大竹しのぶは「物事に動じない小夜子が見せる『微妙な動揺』が難しかった」と語る(宮川浩和撮影) 大竹しのぶは「物事に動じない小夜子が見せる『微妙な動揺』が難しかった」と語る(宮川浩和撮影)

 「後妻業の女」(27日全国公開、鶴橋康夫監督)は、高齢男性の後妻に入って夫を殺害し、遺産をせしめる男女を描いた作品だ。大竹しのぶ(59)が欲望をむき出しにして生きる小夜子をふてぶてしく、同時にどこかかわいらしく演じ、強い印象を残している。

 「私、尽くすタイプやと思います」。高齢者向け婚活パーティーで、小夜子に男たちは夢中になる。しかし、彼女は結婚相談所の所長、柏木(豊川悦司)と結託し、資産目当ての結婚を繰り返す「後妻業」の女だった…。

 京都府などで発生した連続青酸死事件を予見したとして話題になった黒川博行の小説『後妻業』を鶴橋監督がコミカルに脚色。大竹は「小夜子は怪物的な部分もあるけれど、お金が目当ての分かりやすい人物。すっと入り込めました」と語る。

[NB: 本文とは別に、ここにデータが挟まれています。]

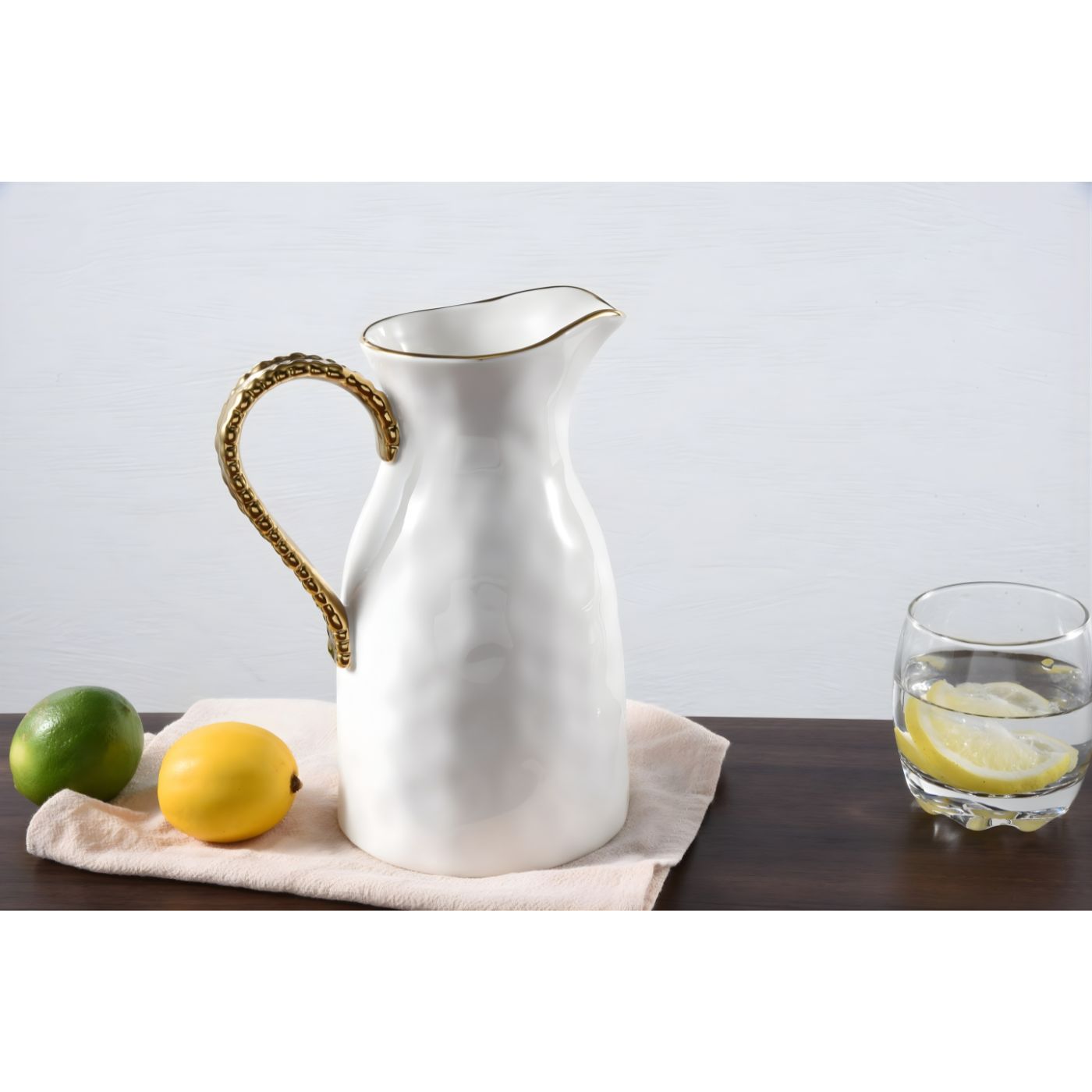 White porcelain water pitcher on dining table with glass of lemon infused water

 「あかん、ほんまにしぶとい。あの人、持ち直してしもた」「運の強いじじいや」。欲の塊のような小夜子と柏木を、大竹と豊川という手練れの2人が濃厚に演じている。

 「小夜子は柏木が好きだけど、口に出したら共犯コンビは破綻してしまうという関係。豊川さんは意表を突くリアクションをするので、それにこちらも乗せられて…。こんなやり取りが面白かったですね」

 9番目の犠牲者の中瀬(津川雅彦)や娘の朋美(尾野真千子)、探偵の本多(永瀬正敏)ら登場人物はみんな欲望に正直で、互いに裏をかこうと駆け回るさまが楽しい。やがて、欲にまみれたドラマから、男たちの抱えた深い孤独が浮かび上がる。

 「男たちは殺されると分かっていても、一人きりよりは小夜子といたかったのかも。『うちがそばにいてやる代わりに、お金をもらっただけや』という小夜子の言い分に納得しかけてしまうのが怖いですね」と語った。(岡本耕治)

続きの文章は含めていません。